Being a hair’s breadth from Waterdeep, and at exactly as much an impasse as with the last murder, the caravan hightails it to safety rather than engage in a witch hunt for the culprit.
While an impromptu game of mafia would’ve been fun, it ran the risk of killing off enough of the caravan to put the cult in a position to attack the PCs directly. Azbara Jos is a fairly tough cookie and there’s a small swarm of cultists to keep melee PCs off his back while he detonates fireballs on their faces. It wouldn’t be hard to keep his allies out of the area of effect in a wide open field.
On an unrelated note, I thought I should bring something up regarding AL rules. I discovered this only a little bit after writing my last bit on it, but I didn’t want to shove it in the blog immediately because I didn’t want this let’s play to be bogged down by constant discussion of rules minutia. See, in addition to the Adventurer’s League player rules and DM rules, there’s also a few other rules sources which are binding. Maybe. It’s actually not clear. The FAQ, for example, is listed in the Adventurer’s League pdfs as an “additional resource,” but is it actually binding rules or just suggested answers to common questions?

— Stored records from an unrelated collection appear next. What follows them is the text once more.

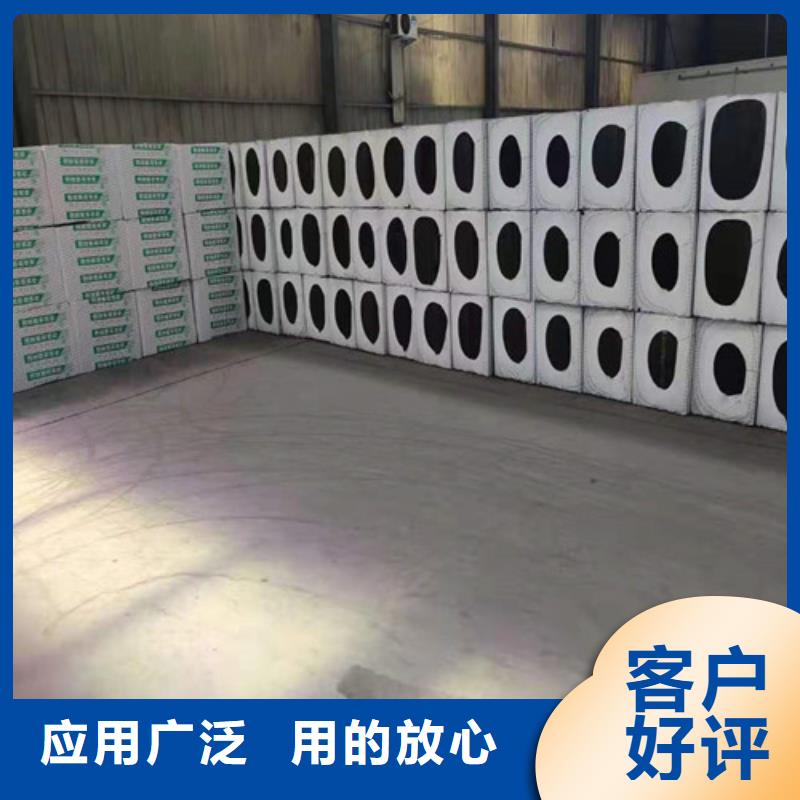 泡沫玻璃板水泥發(fā)泡板實力雄厚品質(zhì)保障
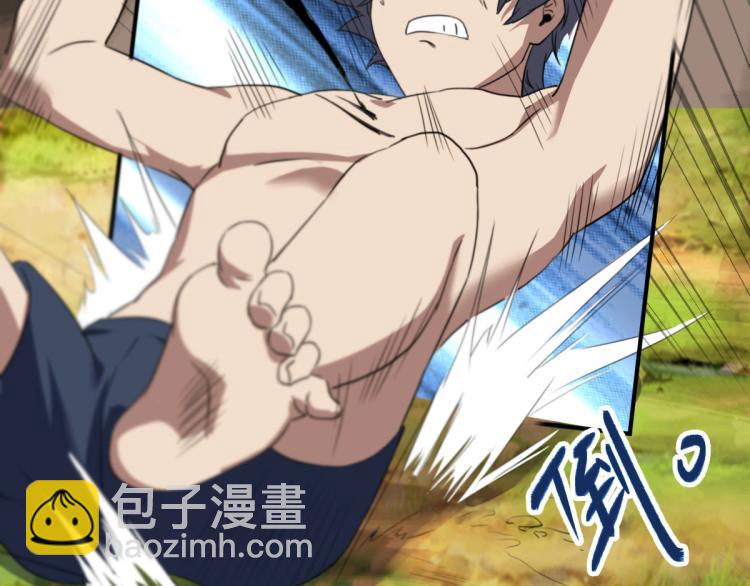 第46话 一发值千金(1/4)-第48话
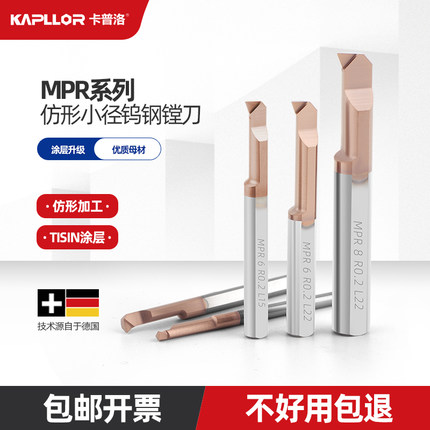 MPR小孔径镗刀钨钢仿形内槽刀数控内孔CNC合金防震微型车刀 2-8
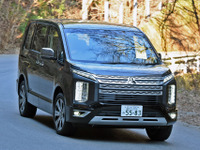 【三菱 デリカD:5 新型試乗】進化の度合いはフルモデルチェンジ並みだ…渡辺陽一郎 画像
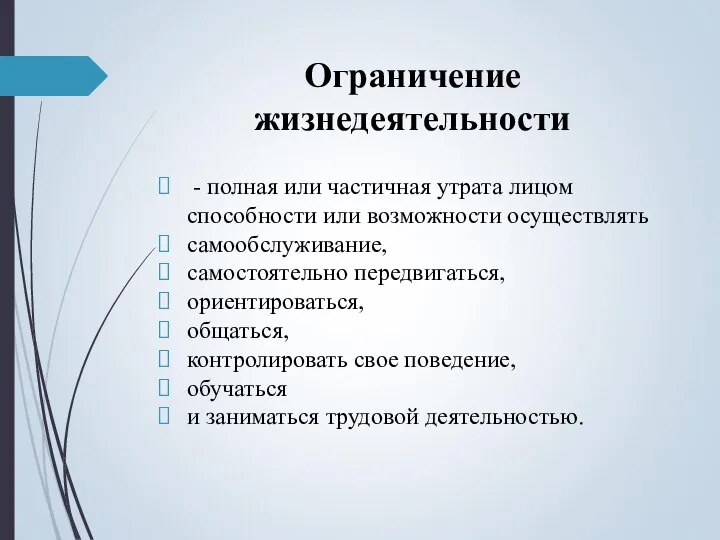 Ограничение жизнедеятельности - полная или частичная утрата лицом способности или возможности осуществлять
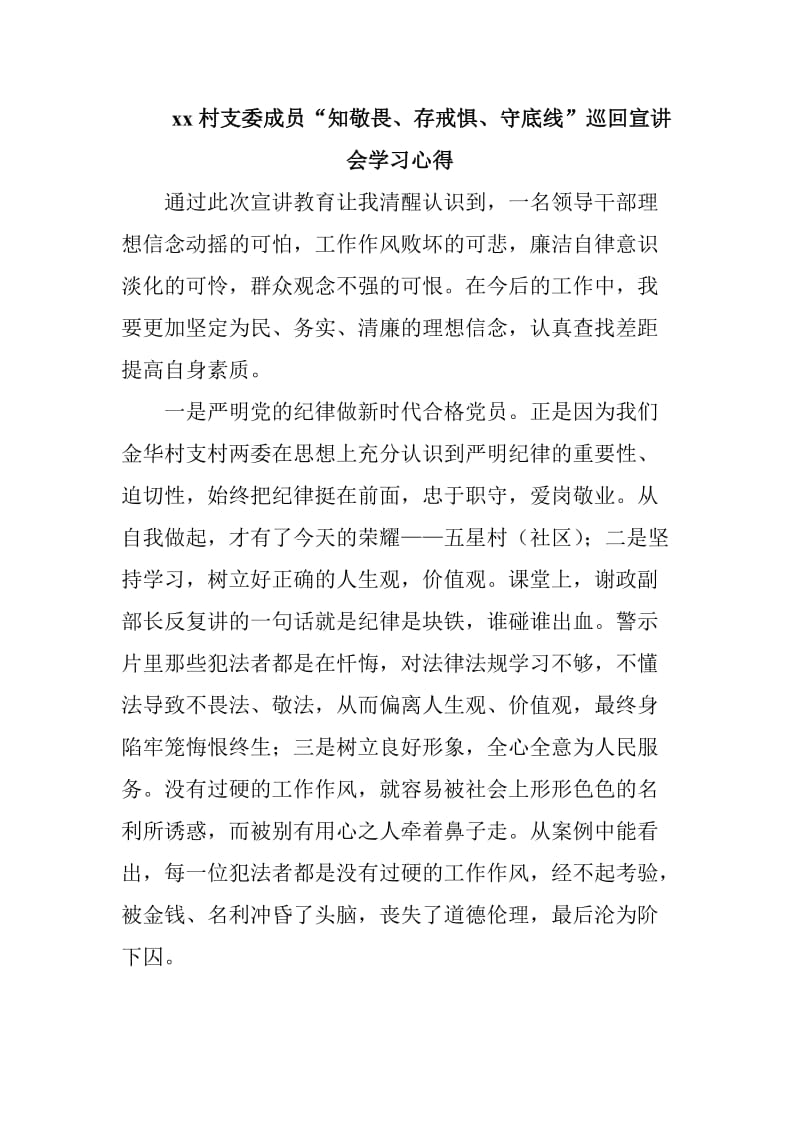 xx村支委成员“知敬畏、存戒惧、守底线”巡回宣讲会学习心得_第1页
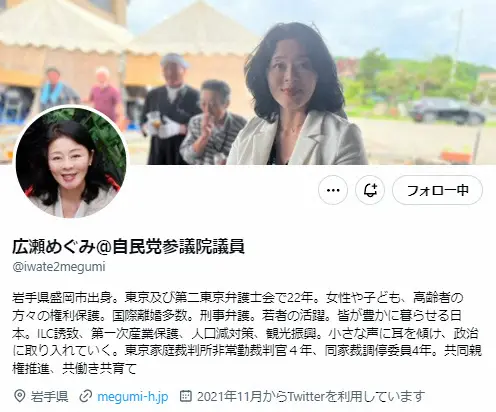 広瀬めぐみ参院議員が辞職　秘書給与の詐欺疑惑巡り　岩手選挙区、10月補選へ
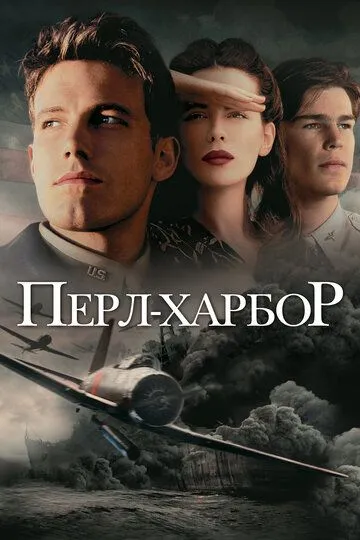 Постер к фильму Перл-Харбор (2001)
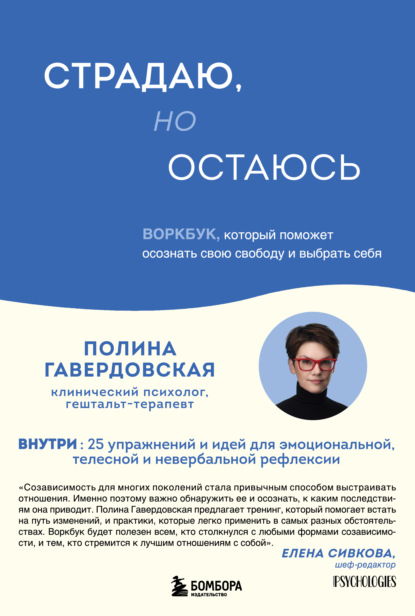Психолог Полина Гавердовская. Как строить отношения с теми, кто вам дорог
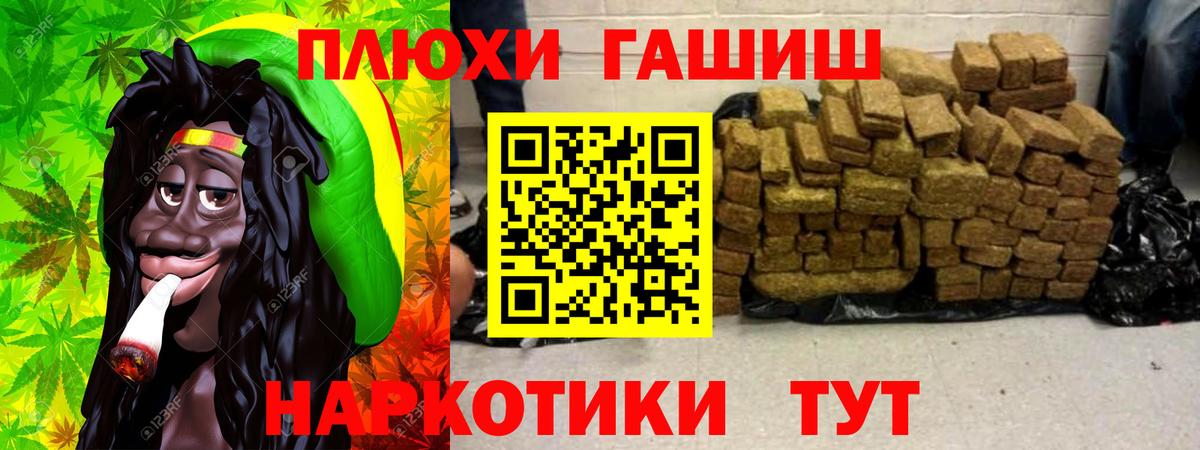 купить наркоту  ГАШ Ice-O-Lator  Гашиш VHQ  Вход с VPN  Ачинск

The very first answer in the FAQ can be interpreted as saying that a DM can interpret all rules basically any way he likes and recommends that DMs consult the community to see how other DMs ruled things when it’s unclear.
So is the FAQ supposed to be binding? Or is it just a list of suggestions to questions that don’t have definite answers? Certainly only very few FAQ questions ever migrated their way into the actual rules pdfs for new seasons, even in seasons when they were happy to see these pdfs balloon outwards to 30+ pages in order to exhaustively document the rules for how to create a character in compliance with previous seasons’ story origins (a system that was ultimately cut due to not meeting its purpose, according to the season 5 update notes, and indeed I am not sure from having read the rules what that system’s purpose was even meant to be).
One of the FAQ answers states that players can only play one character at a time. Except it actually says “it’s one character per player” which is contradicted elsewhere in the rules where players are clearly allowed to create new characters without retiring old ones. It seems like what’s meant is that it’s one character per player at any given time. So my brother’s characters are all totally legal, because he only plays one character at a time, he just changes which character that is dozens or hundreds of times per session. That is a shameless lawyering of the rules, but the rule we’re lawyering comes from an online supplement linked from a PDF for a rules expansion, which kind of gets us to the heart of the matter, which is that to even learn about this rule I had to care more about the rules than any volunteer DM should ever be required to. We’ve reached a level of rules obscurity where I just don’t careanymore. I’m still going to try to keep to the general spirit of the League rules, but the more keeping track of all the rules feels like legal discovery, the less I can bring myself to care about them, so I’m going to worry a lot less about actually following the League rules as written. They’re just too spread out across too many sources to be reasonably kept up with.